“An expedition beyond the map, into the last untouched edges of Patagonia.”
The Last Frontier
TIERRA DEL FUEGO / PATAGONIA
ARGENTINA
Journal Text: Sebastian Baronicni
Ph: Luciano Bacchi. / Manager: Onesixth Expeditions
Location _ 41 S - 71 O
After four journeys through southern Argentina, and brief encounters with places that drew my attention beyond the tourist routes, we decided to cross to the island of Tierra del Fuego to trace our own path.
Since childhood, the island had awakened in me an almost obsessive fascination — a place where nature constantly outweighed human presence, seemingly untouched, nearly uninhabited. Stories of shipwrecks, lighthouses, earthquakes, an extreme Patagonian prison, gauchos, Selk’nam culture, estancias, and gold seekers were just some of the many signs that invited me to explore its roads and the quiet magic of its landscapes.
In January 2025, we flew over the island with the goal of navigating its waters and attempting a landing at Cape Horn. The weather opened one of those rare windows that occur only in the violent collision of seas — a kind of permission granted by nature itself, allowing passage into another dimension where few ever arrive. For centuries, explorers had been drawn here by the promise of discovery and lands belonging to no one.
Even as we documented that brief adventure, we were already imagining and gathering information for what would follow two months later: the expedition into the last frontier.
March arrived, and the journey began. Based in Ushuaia, we prepared maps, the vehicle, supplies, and equipment to explore and experience the island in its most authentic form. We headed north, 400 kilometers into the open moorlands, following every road we could find — and it did not disappoint. The adventure felt like a true pause in time, where every human footprint became a subtle accent within overwhelming natural beauty.
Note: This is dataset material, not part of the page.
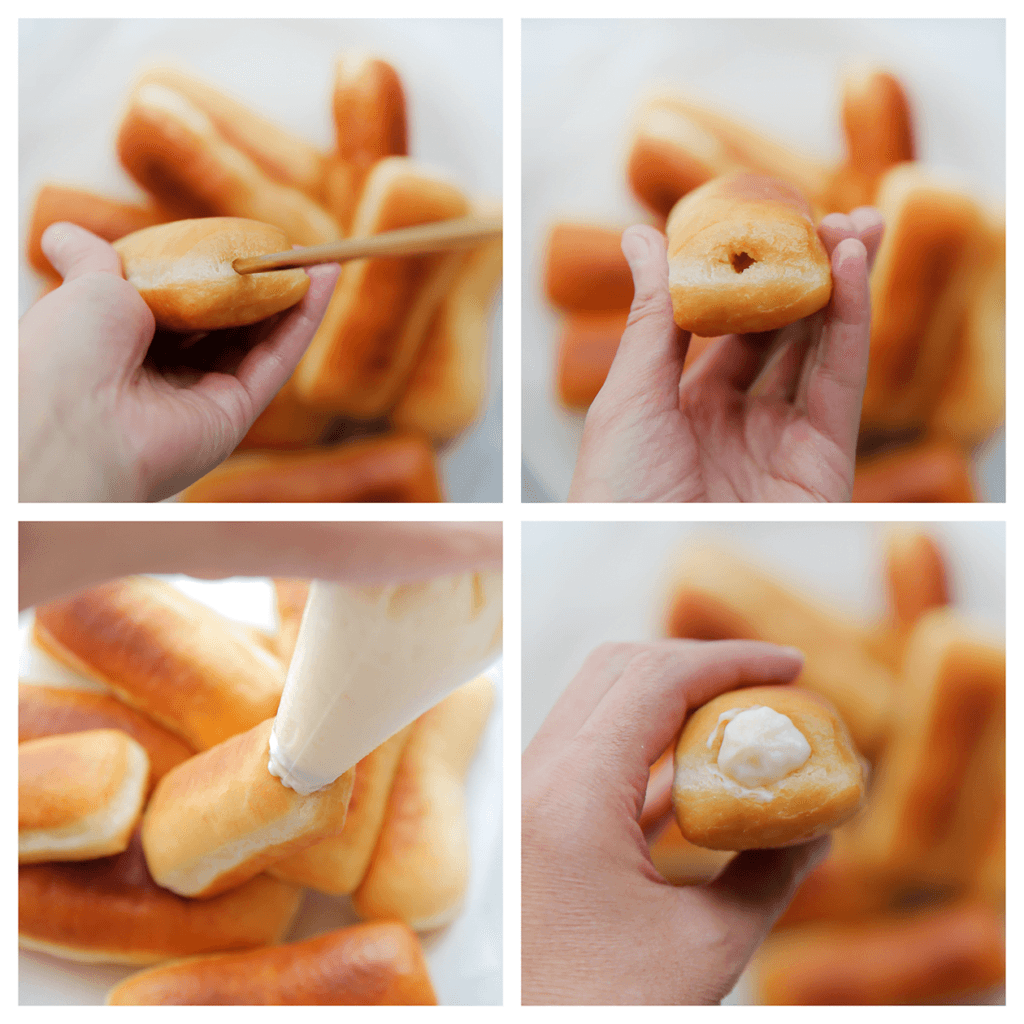 Laat de donuts uitlekken en op kamertemperatuur komen voordat je ze vult met de custard.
With a distinctly British aesthetic present in many details, the island became the destination that best illustrated the stories and pages of the books we had read all our lives about Patagonia.
One afternoon, we crossed vast expanses of open land until reaching deserted beaches framed by steep cliffs. Some local estancieros, aware of our presence, warned us of prehistoric markings embedded in the rock walls. There, along hundreds of kilometers of coastline where only the wind, sand, and ourselves existed, the conditions were raw and unforgiving — one of those days we call purely Patagonian.
“The marker is close to the strait,” we noted on the map, gazing toward the magnificent Strait of Magellan — the island’s only connection to the continent, crossed by ferry. Though familiar with that route, we chose not to take it. This journey was solely about the island.
From there, we moved back into the green and golden steppe so characteristic of Tierra del Fuego, following fences until reaching the imposing estancias of Sara, María Behety, and Viamonte, still active today and encircling the city of Río Grande. The legacy of the Menéndez Behety family, alongside the histories of the Bridges and Goodall families, is so deeply rooted that their presence can still be felt while walking through the streets, paths, and old sheds.
Continuing along the route, the steppe gradually gave way to low forest, a prelude to the dense southern woodland — a dreamlike geography. Among uneven terrain and red, yellow, and grey trees, Estancia Las Hijas emerged, rich in history. There, our hosts Carol and Richard welcomed us with coffee and a walk among relics and barns, sharing the stories of these forgotten roads.
One of those roads became our next objective: Route A, heading east toward Estancia San Pablo and Rolito. Here, Fuegian women take center stage, opening their homes to travelers and sharing their lives and stories. In old Patagonia, estancias were small villages where working families lived alongside landowners for long seasons, often with a main street, shops, blacksmiths, bakeries, and sometimes even schools. To the south, Harberton, San Pablo, and Viamonte marked safe Selk’nam routes, offering work and protection from hunters who sought to expel them from the island. Lucila welcomed us there, inviting us into yet another life story.
At the end of a long day, we reached the coast, where local fishermen had prepared a warm dinner and lit the stove — a treasure after so much travel. We set up our tents, waking at dawn to the silhouettes of a shipwreck near the cape and a lighthouse still standing against the forces of nature.
We followed the coast, and after witnessing a remarkably clear sunset revealing the distant mountain range, the winding road pulled us inland toward Lake Fagnano. Passing through Tolhuin, we prepared to cross the final stretch of the Andes and enter the Patagonian forest.
Dawn. A pause on asphalt, then back to gravel. This time, Route J led us toward the Beagle Channel — to Estancia Harberton and Puerto Almanza, where local fishermen invite travelers to rest and dine along their own gastronomic route, a series of authentic stops offering fresh seafood straight from the sea.
Today, I carry my own path on the island — my own Patagonian story in a land full of magic. Tierra del Fuego is as inhospitable as it is authentic, a journey through time both beautiful and rare, designed to experience history firsthand and to live, even briefly, as one might have 150 years ago.